Construction of seminal vesicle occlusion rat model
The group of seminal vesicle occlusion
50 male Wistar rats aged of 8 weeks were selected, with environment temperature at 20-25℃, humidity 40-70%. After a week of adaptive ordinary feeding, 25 rats selected at random served as the sham group, the others as the seminal vesicle occlusion group were anaesthetized by pentobarbital sodium, cut their belly for 15-20mm to expose seminal vesicle, preformed the operation of bilateral seminal vesicle ligation by a silk ring, then the seminal vesicle was returned back in suit, and the wound was seamed. For the sham group, their belly was cut for 15-20mm to expose seminal vesicle, then it was returned back in suit, and the wound was seamed.

Model evaluation

1. The effect of seminal vesicle occlusion on the rat’s visceral coefficient
1.1 Observation of seminal vesicle size
The rats were fasted for 12 hours before killed, and weighed in each group. The rats were killed after narcotized with barbital sodium. Then the rats were laparotomized to expose their seminal vesicles, and the size of seminal vesicle was observed in each group .
1.2 Detection of Viscera weight
Took out bilateral testis, epididymis, seminal vesicle, peeled off the surrounding adipose tissue, washed with cold saline, removed blood, imbibed water with filter paper, weighted with electronic balance.
Calculate viscera index: viscera index = the weight of viscera/ the weight of rat body

2.The Secretary function of seminal vesical
2.1 secretion volume
Took out the seminal vesicle. After weighing, the seminal vesicle fluid was squeezed into the test tube and weighted by a electronic balance.
2.2 Fructose concentration
Added chymotrypsin aqueous solution into the seminal vesicle fluid, detected fructose concentration by a fructopyranose test kits.
The result showed that in occlusion rat model, the seminal vesicle was smaller, secretion of seminal vesicle reduced, fructose concentration of seminal vesicle fluid reduced.

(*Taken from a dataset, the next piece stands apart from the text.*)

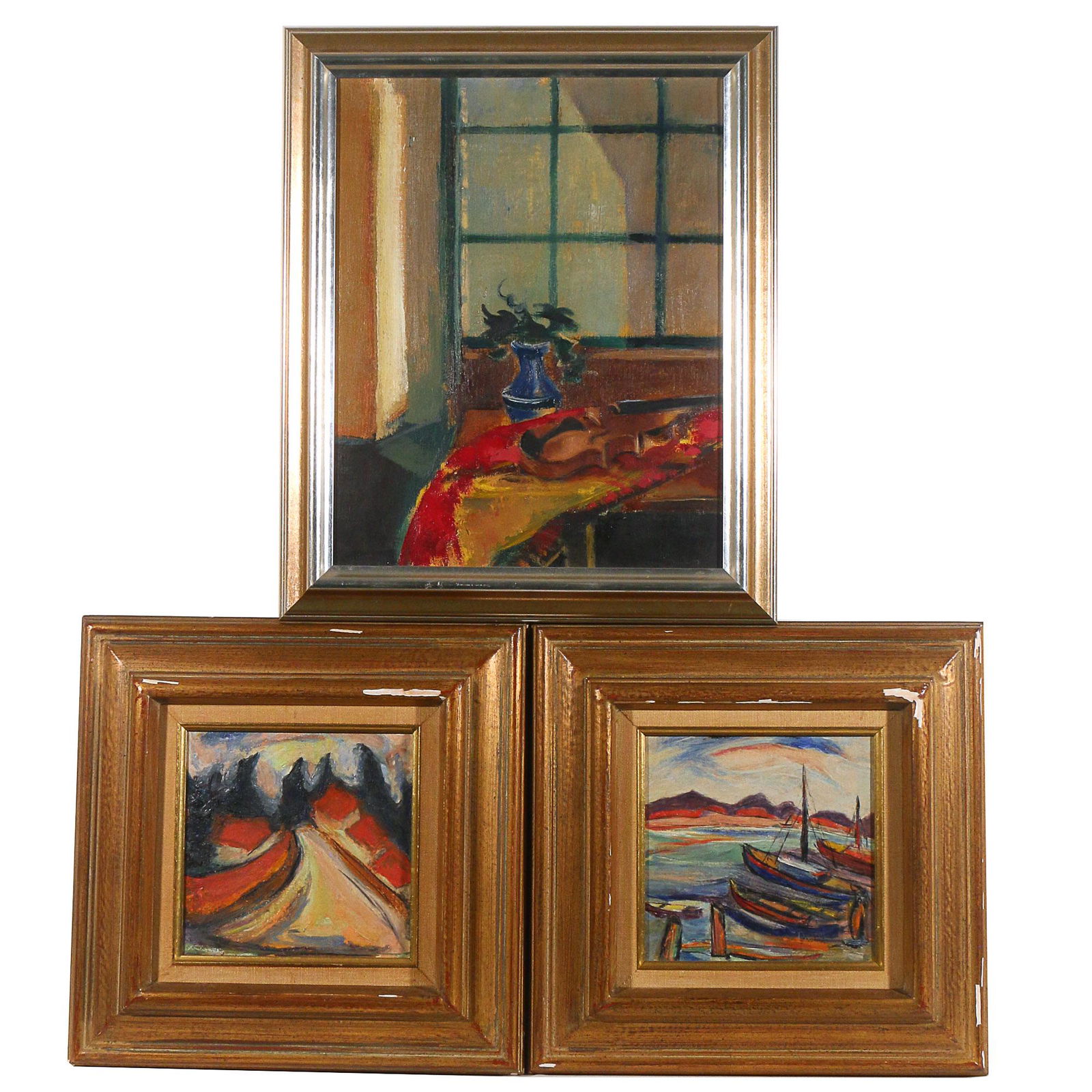 (3pc) EXPRESSIONIST OIL PAINTINGS (1 of 9)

3. the effect of seminal vesicle occlusion on the rat’s sexual function :
The experiment was began for 1 hours after the light was dark. 10 female rats were injected 30ug estradiol benzoate at 24 hours before the experiment. And 10 female rats were injected 50ug luteosterone at 4 hours before the experiment. Mating test was preformed in darker environments. At first, put male rats into the cage (50cm×30cm×20cm) for 10 min to suit themselves, then put a female estrous rat into the gate, immediately observed and recorded the sexual behavior of male rats. The parameters were below:
1.(mount latency, ML): the time from when caged with female rats to the first frequency
2.(mount frequency, MF): the amount of frequency within 2 hours whether there was an intromission.
3.(intromission latency, IL): the time from when caged with female rats to the first intromission
4.(intromission frequency, IF): the amount of intromission within 2 hours
5.(ejaculation latency, EL): the time from the first intromission to ejaculation
6.(ejaculation frequency, EF): the ejaculation frequency of rats within 2 hours
7.(rat number of ejaculation behavior, EBN): the number of rats with a ejaculation behavior
8.(hit rate, HR): the rate of intromission to mount latency
The next day, observed vagina of female rats whether there was a vaginal suppository. If found, recorded a successful mating . If not, a test paper was inserted into vagina and examined under the microscope, sperm was found to be a successful mating.

Pathological results

After the seminal vesicle fluid was completely squeezed out, added formaldehyde into one side of the seminal vesicle to prepare parafin section. Then stained by HE, observed and recorded under microscope.
There were many fold in the seminal vesicle, the surface was pseudostratified columnar epithelium, the cells contained secretory granules, fat droplets and lipofuscin, and the sexual function was impaired.

Cytokines level

Statistical analysis

SPSS software is used for statistical analysis, measurement data to mean ± standard deviation (x ±s), using t test and single factor analysis of variance for group comparison , P<0.05 indicates there was a significant difference, P<0.01 indicates there are very significant differences.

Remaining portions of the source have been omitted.